__EXERCISE AIM__: Take the lines from the one containing "a kitchen with" through the final line below and restate them exactly. Omit the pictures.

··· COLLECTED DATA

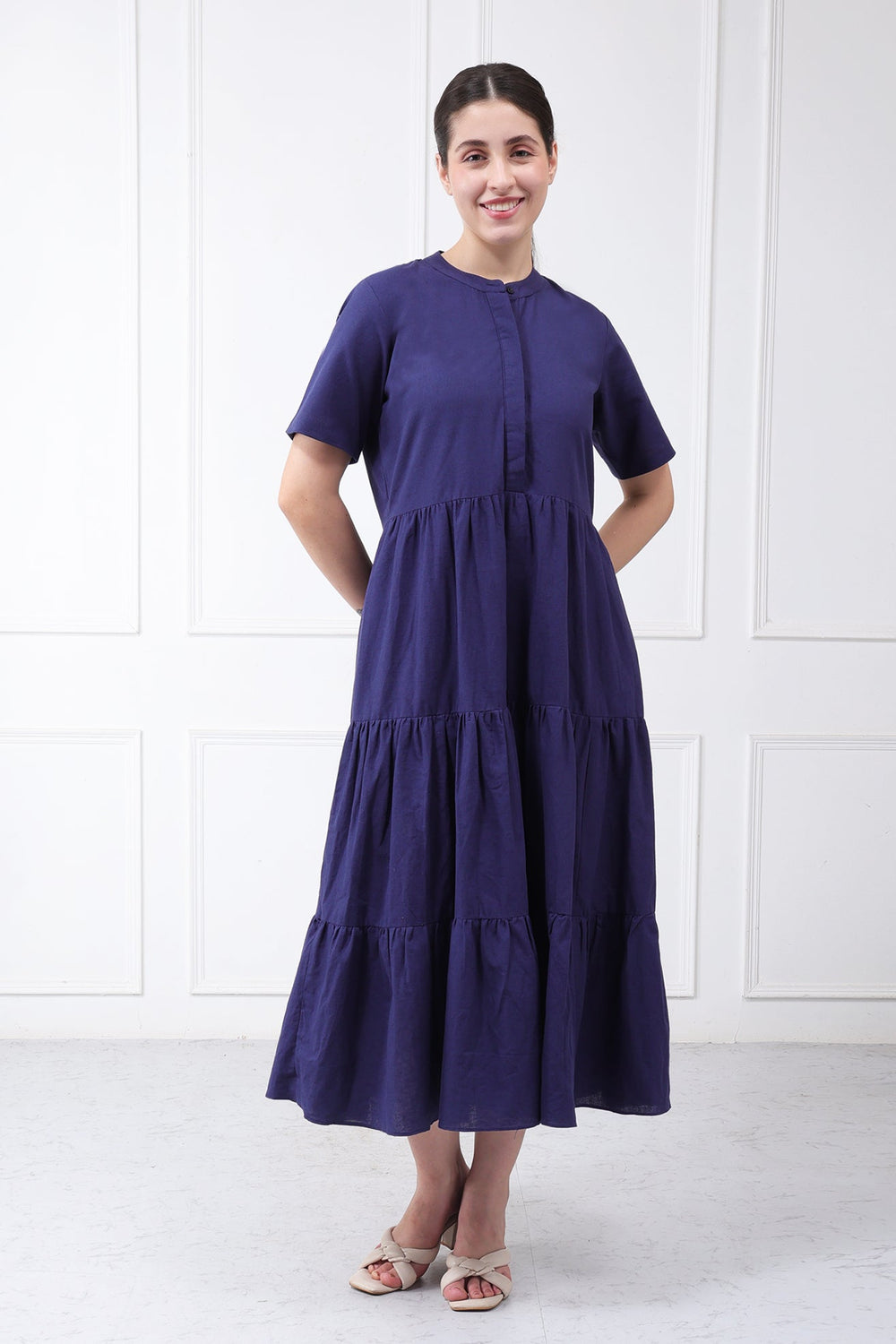 A woman modeling a short-sleeved, tiered midi dress in a deep purple color, standing against a white paneled wall.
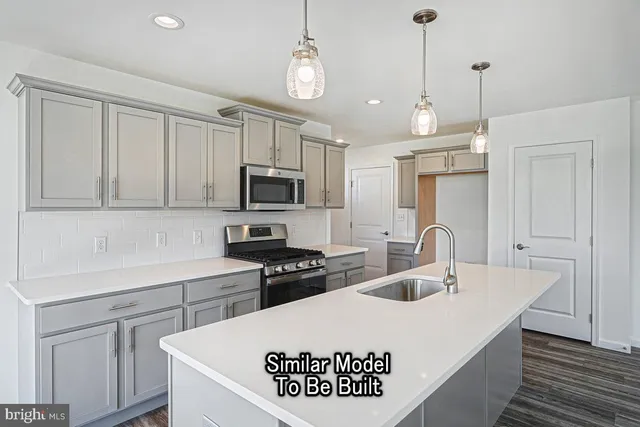 a kitchen with kitchen island a sink a stove a microwave and wooden floors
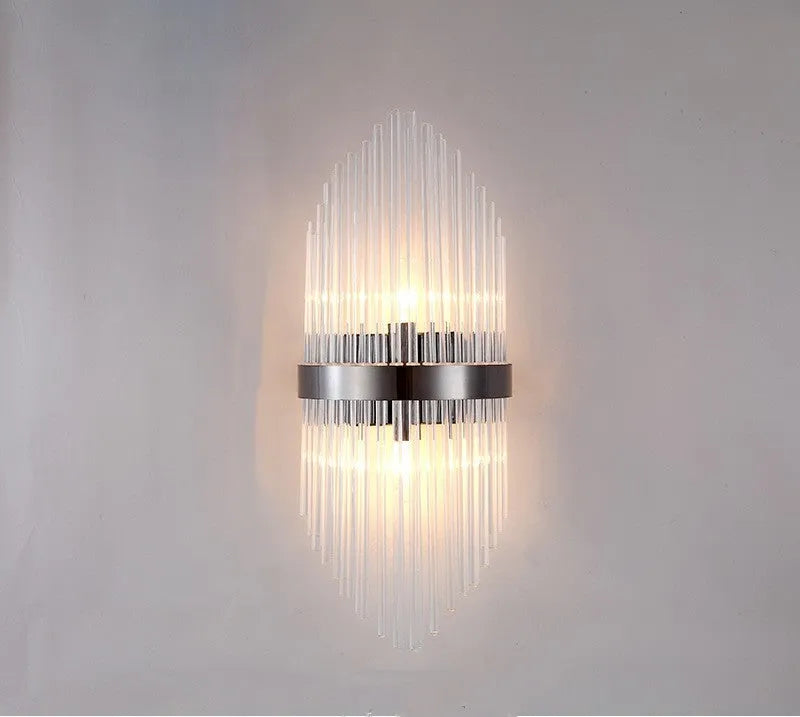 Modern crystal petal-shaped wall lamp in titanium gold finish mounted on a light-coloured wall.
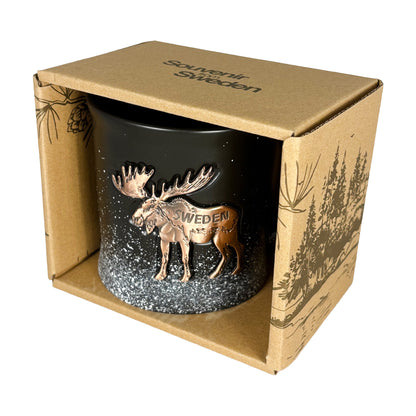 Svart mugg med bronsfärgad älg i en brun pappförpackning med mörkbrunt skogsmotiv och texten "Souvenir from Sweden" på toppen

······

__TASK SOLUTION__:
 a kitchen with kitchen island a sink a stove a microwave and wooden floors
 Modern crystal petal-shaped wall lamp in titanium gold finish mounted on a light-coloured wall.
 Svart mugg med bronsfärgad älg i en brun pappförpackning med mörkbrunt skogsmotiv och texten "Souvenir from Sweden" på toppen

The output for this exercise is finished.